Pendant cette période de crise sanitaire, le Parlement accorde beaucoup de pouvoir à l’exécutif. La contrepartie, c’est un encadrement de l’action du gouvernement. Le texte n’est pas parfait. Nous ne voulons pas transformer les inspecteurs du travail en arbitres pour savoir quel poste peut être télétravaillé ou pas. Nous sommes donc très réticents sur les sanctions vis-à-vis des entreprises – nous préférons le principe de la responsabilité. Et surtout, nous tenons beaucoup à rendre caduque le passe vaccinal dès lors que la situation sanitaire se sera améliorée. Ce mécanisme de péremption, à partir d’un certain nombre de critères épidémiques, est essentiel parce qu’on ne peut pas s’habituer à vivre dans une société du contrôle permanent. Nous proposerons ces ajustements. Puis il y aura une nouvelle étape avec la commission mixte paritaire. Mais je préviens : dans un débat parlementaire, chaque assemblée doit être respectée.

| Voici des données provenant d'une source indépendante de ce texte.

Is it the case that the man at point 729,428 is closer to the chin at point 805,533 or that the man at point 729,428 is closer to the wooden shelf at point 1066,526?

Souhaitez-vous que le texte entre en vigueur autour du 15 janvier, comme le veut le gouvernement ?
On ne fera pas obstacle à la rapidité des débats. D’autant plus qu’une fois encore, le gouvernement a un temps de retard. Quand le texte entrera en application, il faudra plus d’un mois pour que les non-vaccinés puissent recevoir leurs injections et il est possible que le gros de la vague Omicron soit derrière nous. Mais ce texte reste une incitation utile à la vaccination ; il faut le prendre comme tel.
Craignez-vous que le Covid phagocyte la campagne présidentielle ?
Oui. Emmanuel Macron cherche à faire du Covid le seul thème du débat présidentiel, en se posant en seul protecteur des Français. Cette tactique est dangereuse. L’élection de 2017 a été confisquée par l’agenda judiciaire. Il ne faudrait pas que celle de 2022 soit écrasée par le Covid. Deux présidentielles avec des débats amputés sèmeraient des graines de colère.